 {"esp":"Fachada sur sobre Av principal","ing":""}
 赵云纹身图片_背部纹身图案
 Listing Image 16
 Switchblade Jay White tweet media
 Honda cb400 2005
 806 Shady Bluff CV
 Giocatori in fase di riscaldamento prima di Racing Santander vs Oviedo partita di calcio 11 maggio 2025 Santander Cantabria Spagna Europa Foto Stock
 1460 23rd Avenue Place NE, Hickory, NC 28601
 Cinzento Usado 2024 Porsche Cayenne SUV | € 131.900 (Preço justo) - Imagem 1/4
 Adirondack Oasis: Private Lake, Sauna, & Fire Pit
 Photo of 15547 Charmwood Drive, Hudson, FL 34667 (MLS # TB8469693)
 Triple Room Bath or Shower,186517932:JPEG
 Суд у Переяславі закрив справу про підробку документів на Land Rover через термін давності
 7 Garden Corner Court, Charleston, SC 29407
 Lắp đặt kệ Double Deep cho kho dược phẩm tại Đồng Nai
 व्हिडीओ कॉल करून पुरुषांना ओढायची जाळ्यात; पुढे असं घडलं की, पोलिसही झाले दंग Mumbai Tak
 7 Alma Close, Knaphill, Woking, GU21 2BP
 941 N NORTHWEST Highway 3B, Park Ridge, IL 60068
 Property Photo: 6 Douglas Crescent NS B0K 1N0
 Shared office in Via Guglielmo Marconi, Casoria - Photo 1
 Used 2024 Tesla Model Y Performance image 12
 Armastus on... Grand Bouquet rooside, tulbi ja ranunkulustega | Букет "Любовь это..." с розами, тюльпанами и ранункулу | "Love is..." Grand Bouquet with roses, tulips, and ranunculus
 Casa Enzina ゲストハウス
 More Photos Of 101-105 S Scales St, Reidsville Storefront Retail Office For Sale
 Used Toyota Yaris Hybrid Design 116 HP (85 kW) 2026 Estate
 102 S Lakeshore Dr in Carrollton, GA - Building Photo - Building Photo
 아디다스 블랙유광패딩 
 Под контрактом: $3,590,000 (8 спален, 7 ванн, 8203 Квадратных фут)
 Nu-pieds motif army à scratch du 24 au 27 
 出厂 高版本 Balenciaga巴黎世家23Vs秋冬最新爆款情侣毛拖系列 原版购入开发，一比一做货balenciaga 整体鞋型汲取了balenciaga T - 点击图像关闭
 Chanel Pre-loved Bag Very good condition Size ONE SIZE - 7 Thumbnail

* * *

TASK TO COMPLETE: Give back the material in full, word for word.

WRITTEN REPLY:
 {"esp":"Fachada sur sobre Av principal","ing":""}
 赵云纹身图片_背部纹身图案
 Listing Image 16
 Switchblade Jay White tweet media
 Honda cb400 2005
 806 Shady Bluff CV
 Giocatori in fase di riscaldamento prima di Racing Santander vs Oviedo partita di calcio 11 maggio 2025 Santander Cantabria Spagna Europa Foto Stock
 1460 23rd Avenue Place NE, Hickory, NC 28601
 Cinzento Usado 2024 Porsche Cayenne SUV | € 131.900 (Preço justo) - Imagem 1/4
 Adirondack Oasis: Private Lake, Sauna, & Fire Pit
 Photo of 15547 Charmwood Drive, Hudson, FL 34667 (MLS # TB8469693)
 Triple Room Bath or Shower,186517932:JPEG
 Суд у Переяславі закрив справу про підробку документів на Land Rover через термін давності
 7 Garden Corner Court, Charleston, SC 29407
 Lắp đặt kệ Double Deep cho kho dược phẩm tại Đồng Nai
 व्हिडीओ कॉल करून पुरुषांना ओढायची जाळ्यात; पुढे असं घडलं की, पोलिसही झाले दंग Mumbai Tak
 7 Alma Close, Knaphill, Woking, GU21 2BP
 941 N NORTHWEST Highway 3B, Park Ridge, IL 60068
 Property Photo: 6 Douglas Crescent NS B0K 1N0
 Shared office in Via Guglielmo Marconi, Casoria - Photo 1
 Used 2024 Tesla Model Y Performance image 12
 Armastus on... Grand Bouquet rooside, tulbi ja ranunkulustega | Букет "Любовь это..." с розами, тюльпанами и ранункулу | "Love is..." Grand Bouquet with roses, tulips, and ranunculus
 Casa Enzina ゲストハウス
 More Photos Of 101-105 S Scales St, Reidsville Storefront Retail Office For Sale
 Used Toyota Yaris Hybrid Design 116 HP (85 kW) 2026 Estate
 102 S Lakeshore Dr in Carrollton, GA - Building Photo - Building Photo
 아디다스 블랙유광패딩 
 Под контрактом: $3,590,000 (8 спален, 7 ванн, 8203 Квадратных фут)
 Nu-pieds motif army à scratch du 24 au 27 
 出厂 高版本 Balenciaga巴黎世家23Vs秋冬最新爆款情侣毛拖系列 原版购入开发，一比一做货balenciaga 整体鞋型汲取了balenciaga T - 点击图像关闭
 Chanel Pre-loved Bag Very good condition Size ONE SIZE - 7 Thumbnail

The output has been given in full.